In fin dei conti, la contesa attorno alla strategia all’interno di Claro que Podemos, e tra questa esperienza e il garzonismo, girano attorno ad aggiustamenti, interpretazioni e attualizzazioni di una certa lettura di Gramsci, e soprattutto, di Togliatti. L’ammirazione di Laclau per Togliatti è esplicita e possiamo leggerla in nero su bianco ne La Ragione Populista e la chiave risiede nell’interpretazione togliattiana del PCI come partito della nazione. E’ quasi ironico che sia stato un anticomunista reo confesso come Matteo Renzi, 25 anni dopo la fine del PCI, a sfruttare con relativo successo quel termine inteso come adattamento alla realpolitik del concetto gramsciano di nazional-popolare.

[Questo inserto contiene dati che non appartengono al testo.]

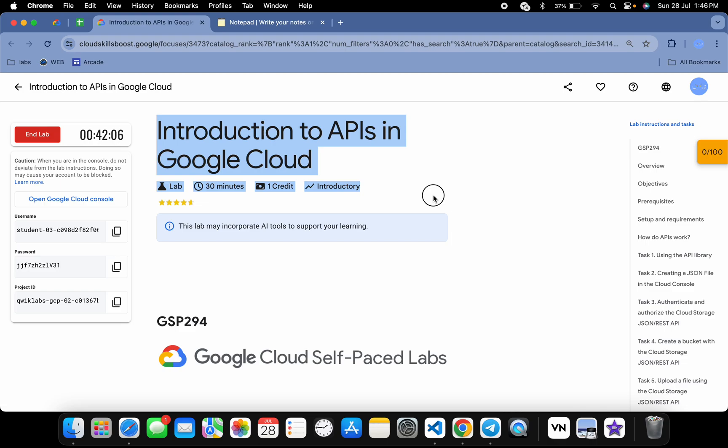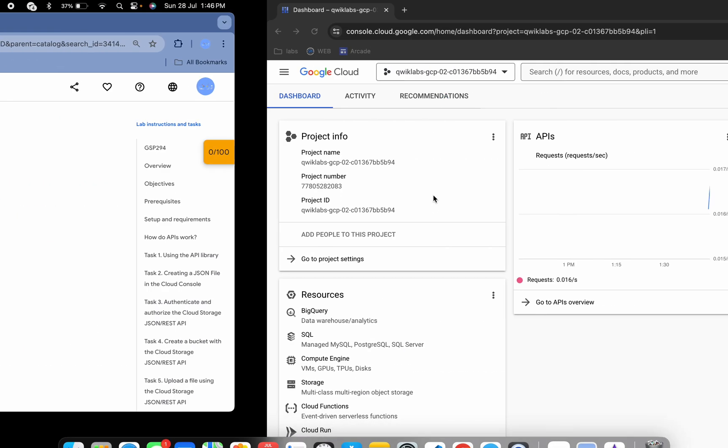Hello guys, welcome back to the channel. In this video I'm going to show you the simplest way to complete this lab. So first of all, just simply log in with your credentials and once you're done with that.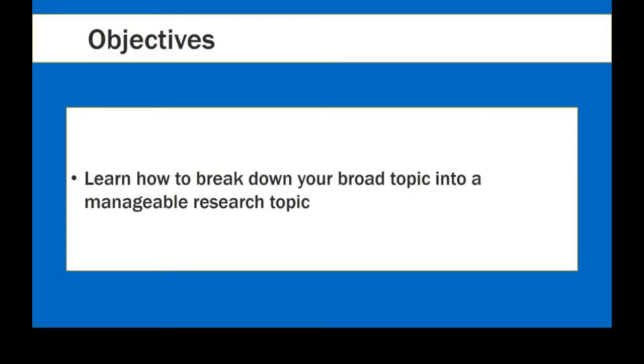In this video you will learn how to break down your broad topic into a manageable research topic. Let's begin!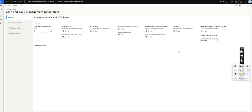Our scenario covers two settings: Warning and Error. Warning means if a credit limit tolerance is set and exceeded, the system will show a soft warning but will not prevent the user from posting the entry. Error is a hard stop — if the credit limit tolerance is exceeded, the system will not allow the user to post the entry at all. We will start with the Error configuration.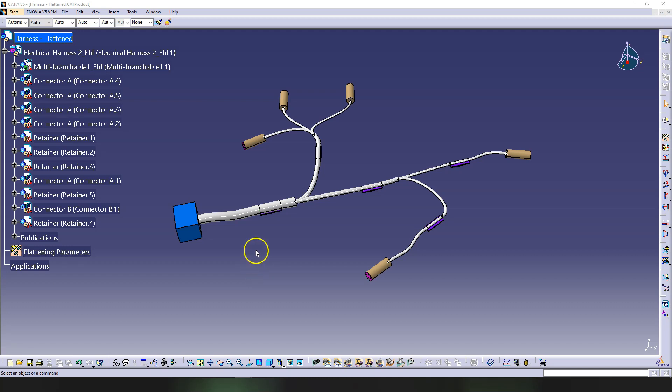Hello everyone, this is Alex Design Man and this is part 2 from the video series about electrical harness flattening. So let's go straight into it.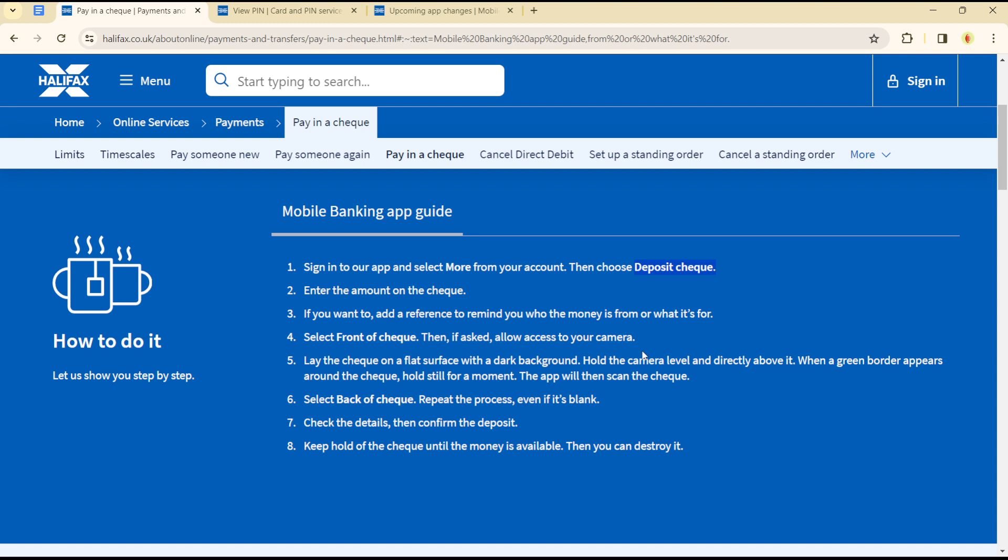Once the money has been processed, then you can go ahead to destroy that check. So that's how you can pay with checks on the Halifax platform guys, it's quite easy and straightforward. See you in the next video.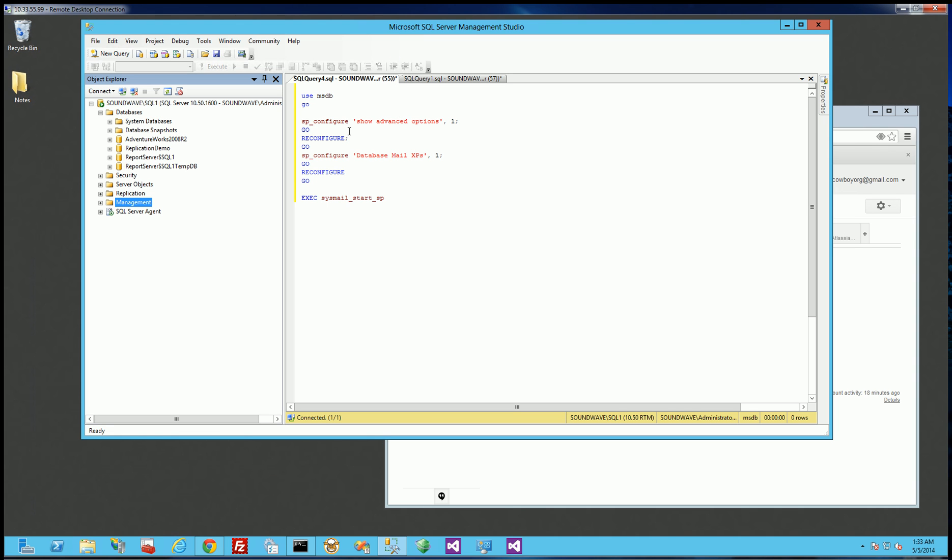In this video, I want to show you how to set up database mail in SQL Server 2008.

E’ difficile credere che il progetto di partito si possa tradurre in qualcosa di più di una nuova-sinistra-unita. All’interno di questa finestra di opportunità che si era aperta intervenivano già da tempo Manolo Monereo e la sua interpretazione della nozione gramsciana di partito organico. Si tratta di un concetto poco definito, che si ¬riferisce sempre al “partito organico” della borghesia che sottende ai frammenti e “alle frazioni, ciascuna delle quali prende il nome di Partito e di Partito indipendente” (Gramsci). L’intervento di Monereo ha influenzato in maniera decisiva lo schema teorico e la prassi di ciò che è stata definita la “confluenza”. La prima operazione è stata simmetrica: se l’oligarchia ha un partito organico, anche noi allora dobbiamo averlo. E chi siamo noi? Le sinistre dello stato spagnolo, ovviamente. Oppure, con un volo retorico, “i lavoratori e le lavoratrici: il nazionale e popolare, a breve o lungo termine, avrà la necessità di un protagonismo di classe”.

La seconda operazione è stata invece una proiezione: il partito organico è tale nell’ambito di una rivoluzione democratica nazionale. Le condizioni reali, e non quelle ideali, son quelle che determinano la funzione, il senso e il valore del progetto del partito organico. Monereo si riferisce ai cittadini e ai movimenti sociali come parti costituenti del partito organico. Si tratta di un’altra torsione del concetto gramsciano, che disconnette il partito organico dal partito elettorale. Senza dubbio, che ci sia o meno un governo del cambio dopo le elezioni del 26 giugno, dopo ben due anni di elettoralismo puro e di un sempre crescente governismo tra i partiti del cambio – in contrasto con l’elogio dell’agonismo nello schema di Laclau e Mouffe – è difficile credere che, al di là dei cerimoniali, il progetto di partito organico si traduca in qualcosa di più di una nuova sinistra, finalmente unita. Una specie di consumazione anticipata del vecchio progetto aunguitiano.

Se accettiamo questo luogo comune gramsciano, possiamo considerare valida l’idea di un partito organico solamente nel caso in cui questo coincida con il progetto di assemblee costituenti della cittadinanza per il cambiamento. E questa possibilità ha come condizione di partenza la dissoluzione, all’interno di questo processo, di tutti i partiti e di tutti gli apparati esistenti. Al contrario, torneremo a ripetere il post festum, pestum.